Film Editing: Task 3

Post Production Workflow

Assessment Task 3 – (Criteria 1.2 & 1.2)

Questions to ask yourself:

Phase 1 – Acquisition

Question 1) Why can’t we edit efficiently with ‘Lossy’ Codecs? (g)

Primarily Lossy codecs are delivery codecs which means they compress and essentially lose a lot of quality and pixels to ensure the file size transportable, they also delete most of the sample frames leaving only a few to work with, whereas in editing we need all the frames to work with, which is where a lossless codec comes out on top as they have info for every single frame. However if a lossless codec has a high bandwidth it’ll take longer to play back, and render so we still need to create a proxy file. Proxies are the intermediary  they have all the frames needed to work with yet run on a low bandwidth enabling us to play back the footage and render quicker.

Question 2) Why is it important to preserve frame rates, duration and file name when creating proxies?

Down the line it’ll cause major problems when converting the footage to an online edit as one misspelled footage file will make the rendering process halt due to an error, for example if all files were labelled Scene _ Take _ and one was labelled scene_tkae_ That piece of footage will not be accepted as the other files since it’s a labeling error. Frame rates and duration have the same guidelines in that if you shorten a clip or change frame rates as you create proxies they will cause errors down the line. Missing frame rates will force the computer to fill the space, creating something that looks just plain horrible. Already during my first edit I have encountered a problem where I have misspelled a footage clip file, it resulted in rendering issues, and this lead to RAM issues since we tried solving the problem with too many different things happening, however after rebooting the computer and going through every file of footage and correctly labeling the issue was solved.

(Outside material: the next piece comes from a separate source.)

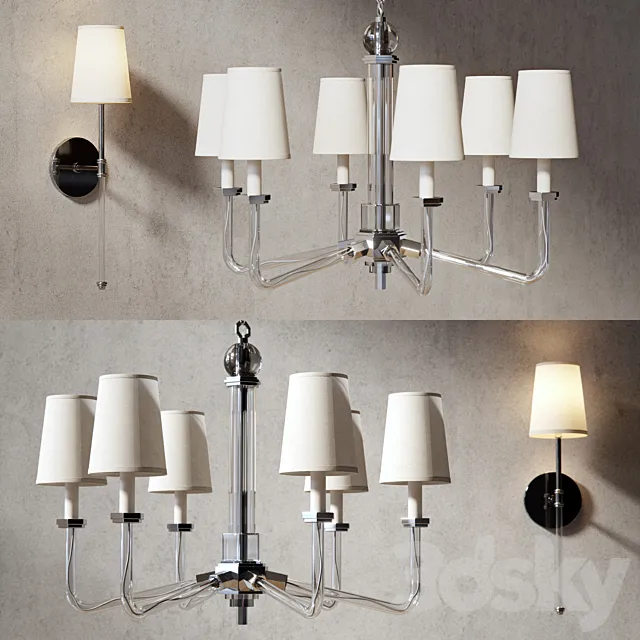 Circa Lighting Bennett Six Arm Chandelier 3D Model Circa Lighting Bennett Six Arm Chandelier 3D Model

Phase 2 – Assembly/Offline

Question 1) Why do we log and label files? (g)

Why  do we log and label files? We log and label files so that if one of the editors is sick another can just look at the logs and determine what shots will be useful for the editing process, if we did not use logs and labels we would have to go through footage several times, maybe even multiple times a day, which would mean we spent more time trying to find good quality clips instead of editing the project. Labeling and logging simply cleans up all the footage and places it into certain areas, the colour labeling in our system is green for good, amber for OK and red for bad footage, already this makes things easier, then we can look at the logs which either ourselves or another worker has completed, we can then find the clips with relative ease and know that the clip is good.

Question 2) Why does an E.D.L exist?

When the main editor is ill or incapacitated an EDL (or Edit Decision List) will be able to provide the assistant editors what the original editor wanted for his shots/cuts, ensuring that they can get on with the editing process, much like with logging and labeling files. It’s also a kind of safety net, since most film is now digital and using computers there are bound to be crashes which can corrupt editing files, having an E.D.L with you can easily allow you to redo your edit thus far. Every Professional editing software has an E.D.L you can generate and export so that if you need to switch to another computer you can just feed in the footage files and the E.D.L and the editing software will generate the same edit for you.

Phase 3 – Delivery

Question 1) Why do we ‘colour time’ after picture lock?

Question 2) Why do we sound design after picture lock?

It’s easier to synchronize dialogue and sound effects to a finished video, as apposed to an uncompleted video sequence where clips can be moved around, slowed down or changed in any way. Sound designing after picture lock saves valuable time as the sound designer will not have to alter anything with the film when it’s completed, thus creating a more efficient and fluid workflow.